> **WHAT NEEDS TO BE DONE**
Given the records underneath, please repeat exactly the lines from the line with "ESR Classic Hybrid" through the line with "Gold Sparkle Numeral", passing over any picture.

> **RECORDS FOR THIS TASK**
============

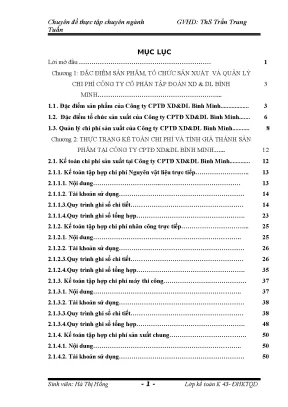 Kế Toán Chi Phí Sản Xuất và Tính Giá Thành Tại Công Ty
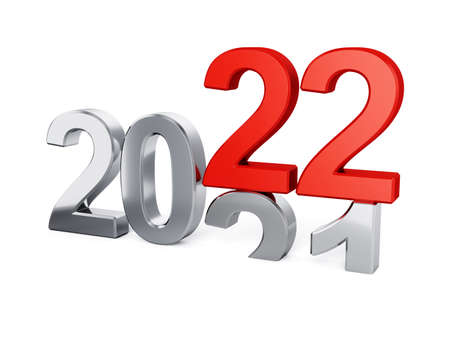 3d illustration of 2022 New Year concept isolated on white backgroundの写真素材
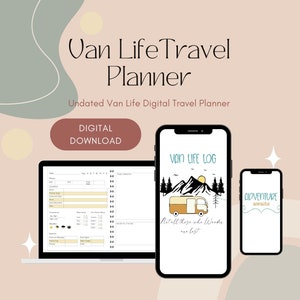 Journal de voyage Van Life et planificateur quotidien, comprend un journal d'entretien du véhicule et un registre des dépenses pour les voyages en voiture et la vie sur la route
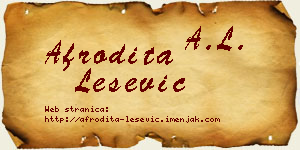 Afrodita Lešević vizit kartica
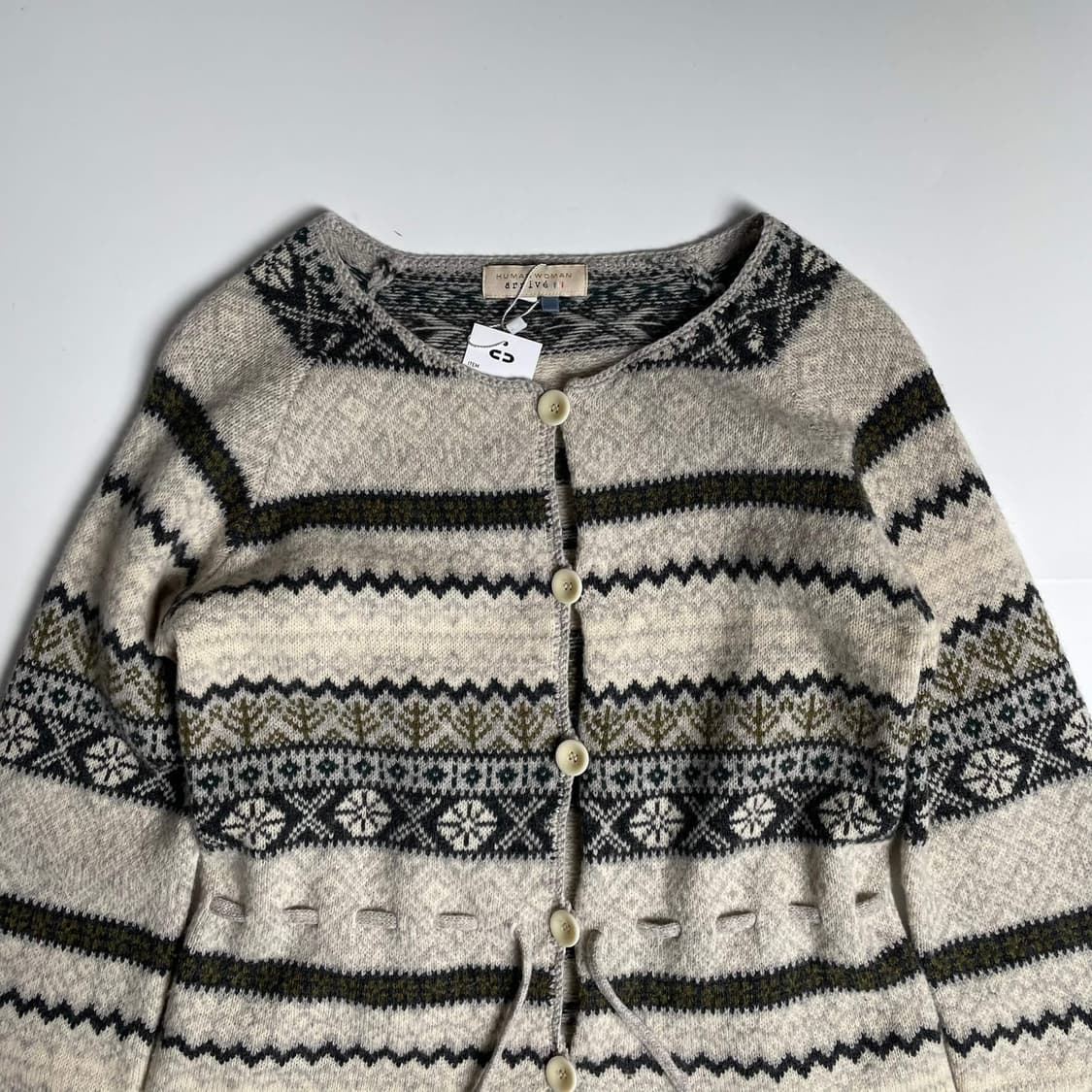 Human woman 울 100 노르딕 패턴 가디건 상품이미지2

============

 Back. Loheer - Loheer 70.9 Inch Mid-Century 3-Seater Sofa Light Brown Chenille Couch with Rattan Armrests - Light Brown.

============

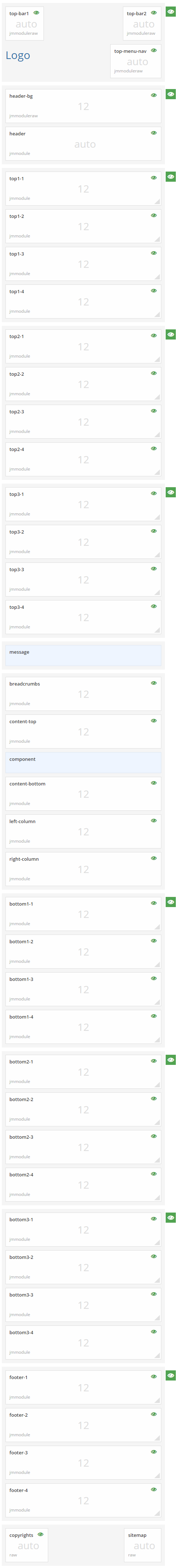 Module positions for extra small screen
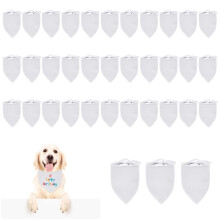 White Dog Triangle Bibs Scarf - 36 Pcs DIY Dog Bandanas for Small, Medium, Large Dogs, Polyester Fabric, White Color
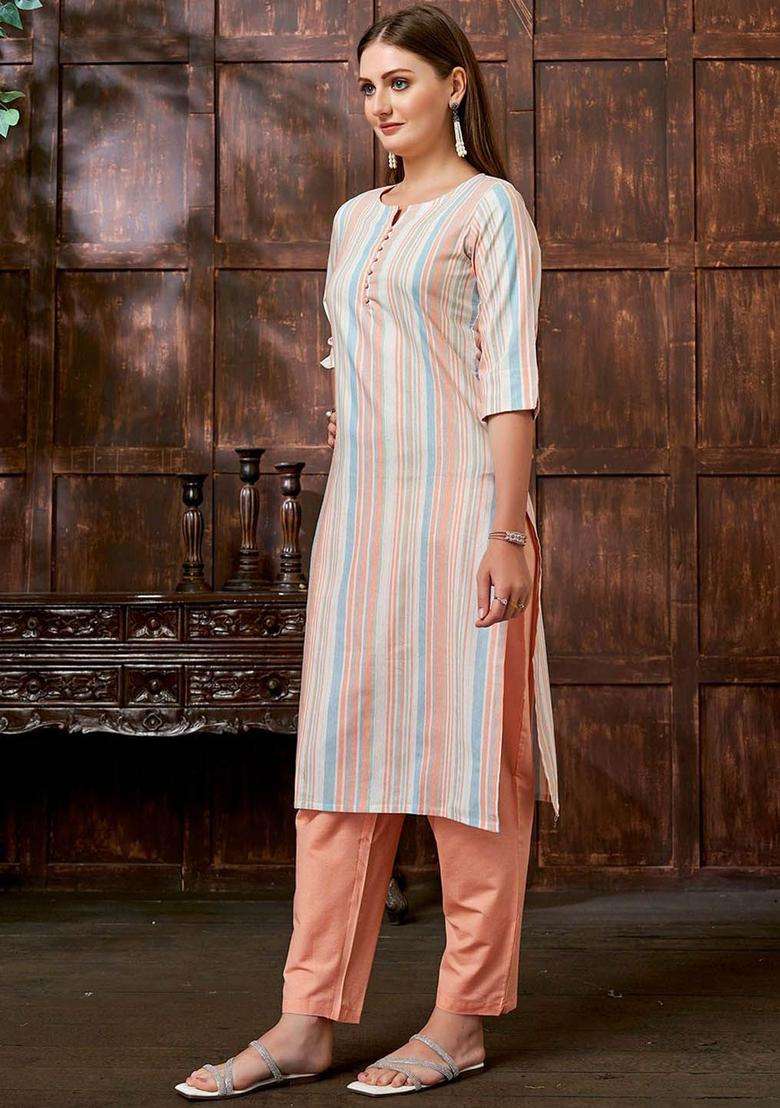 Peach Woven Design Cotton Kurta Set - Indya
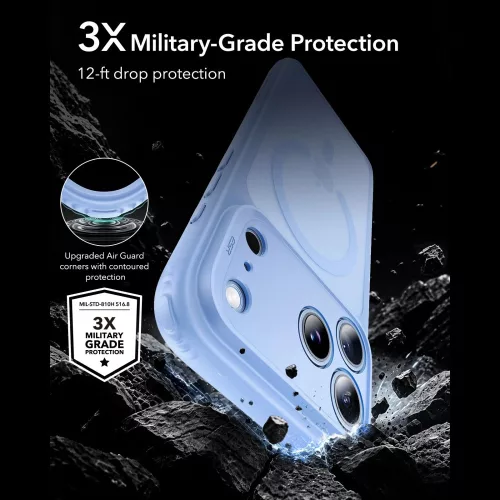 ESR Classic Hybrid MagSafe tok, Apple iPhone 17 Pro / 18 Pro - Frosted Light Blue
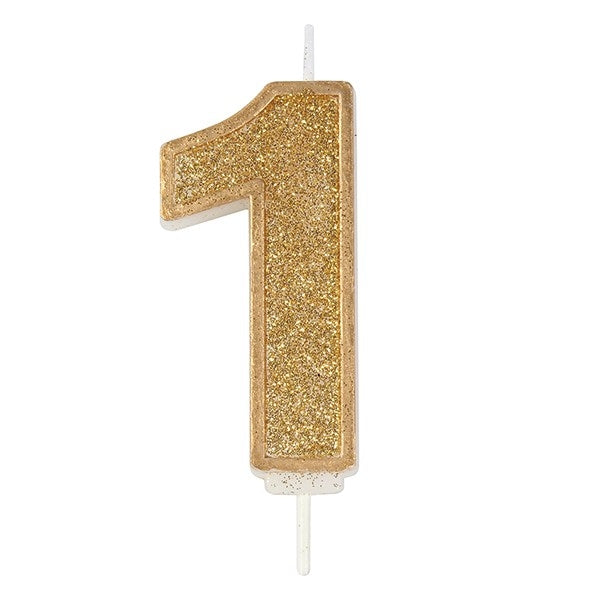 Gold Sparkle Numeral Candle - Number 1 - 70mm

============

> **RESULT OF THIS EXERCISE**
 ESR Classic Hybrid MagSafe tok, Apple iPhone 17 Pro / 18 Pro - Frosted Light Blue
 Gold Sparkle Numeral Candle - Number 1 - 70mm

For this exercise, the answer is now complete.